The solubility product of $$PbI_2$$ is $$8.0 \times 10^{-9}$$. The solubility of lead iodide in 0.1 molar solution of lead nitrate is $$x \times 10^{-6}$$ mol/L. The value of x is ______ (Rounded off to the nearest integer)
[Given $$\sqrt{2} = 1.41$$]

The dissolution equilibrium for $$PbI_2$$ is:

$$PbI_2 \rightleftharpoons Pb^{2+} + 2I^-$$

The solubility product expression is $$K_{sp} = [Pb^{2+}][I^-]^2 = 8.0 \times 10^{-9}$$.

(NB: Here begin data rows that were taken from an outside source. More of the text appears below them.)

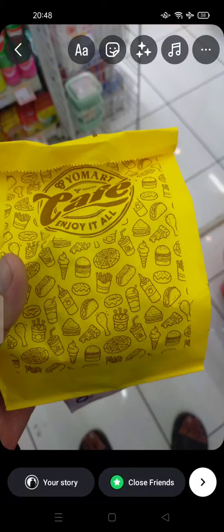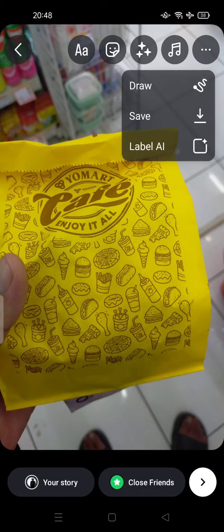Hi guys, welcome back to my channel. Today I'm going to show you how to edit an Instagram story after posting. If you want to repost your story and you think your story is not good enough, you can delete it — but before that, you have to save your story first by tapping the 3-dot menu at the top of your screen and saving.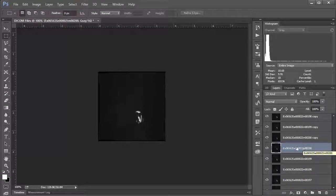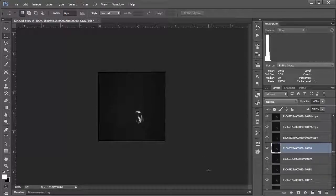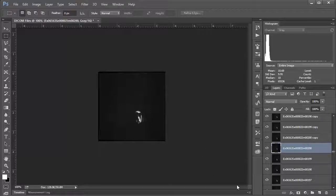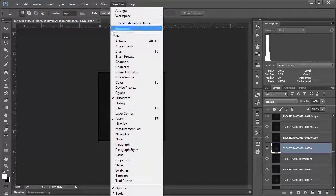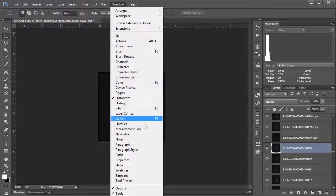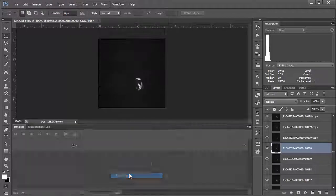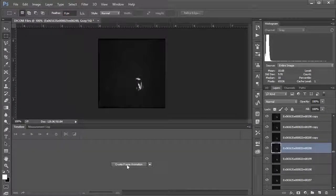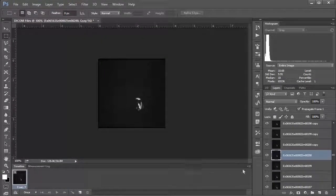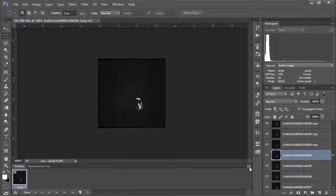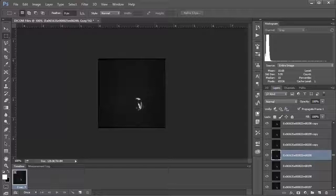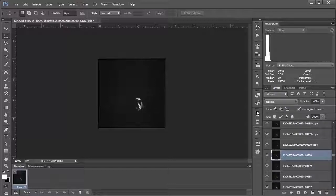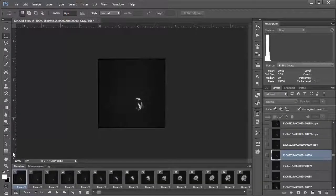So the next thing we want to do in terms of making this animation through the brain: we want to go up to Window and select Timeline. Then we're going to click this button here that says Create Frame Animation. Then we're going to go to this little hamburger menu and say Make Frames From Layers. So now Photoshop is going to take all of these layers—I guess there are 400, two copies or a copy of 200 layers—and import them into this timeline here.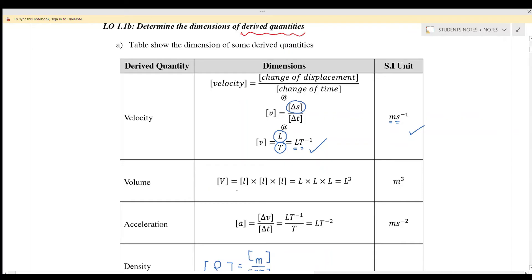Next we go to volume. Volume is width times height times depth — all are in length. So the dimension for width is L, height and depth are the same, so it is equal to L cubed. The unit is meter cubed. Acceleration is dv over dt; dv from the previous result is L T negative one and t is time, so finally we will have L T negative two. The unit is meter per second squared, so L T negative two is the dimension and m s negative two is the unit.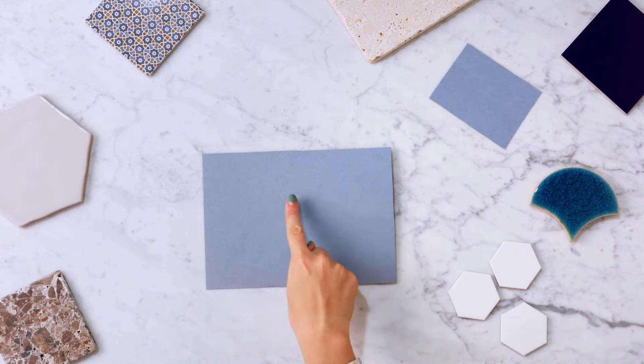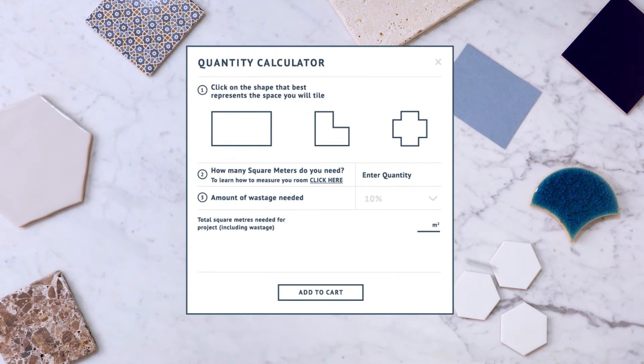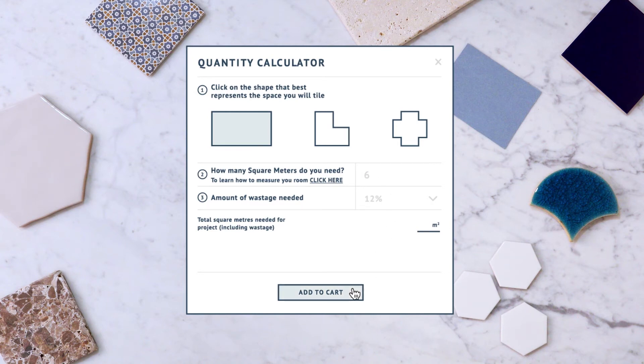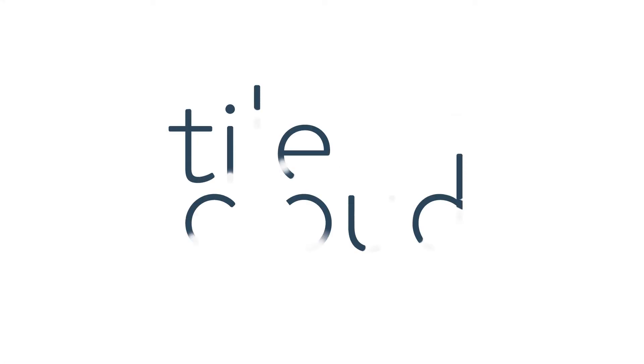This measurement does not include wastage. Our automatic wastage calculator will add the right amount of wastage when you're ordering. Now let's get started.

In a 0.1 M lead nitrate solution, the lead ion concentration from lead nitrate is 0.1 M. Let the solubility of $$PbI_2$$ in this solution be $$s$$ mol/L.

Then $$[Pb^{2+}] = 0.1 + s \approx 0.1$$ M (since $$s$$ is very small compared to 0.1), and $$[I^-] = 2s$$.

Substituting into the $$K_{sp}$$ expression:

$$8.0 \times 10^{-9} = (0.1)(2s)^2 = 0.1 \times 4s^2 = 0.4s^2$$

$$s^2 = \frac{8.0 \times 10^{-9}}{0.4} = 2.0 \times 10^{-8}$$

$$s = \sqrt{2.0 \times 10^{-8}} = \sqrt{2} \times 10^{-4} = 1.41 \times 10^{-4} \text{ mol/L}$$

This equals $$141 \times 10^{-6}$$ mol/L, so the value of $$x$$ is $$\textbf{141}$$.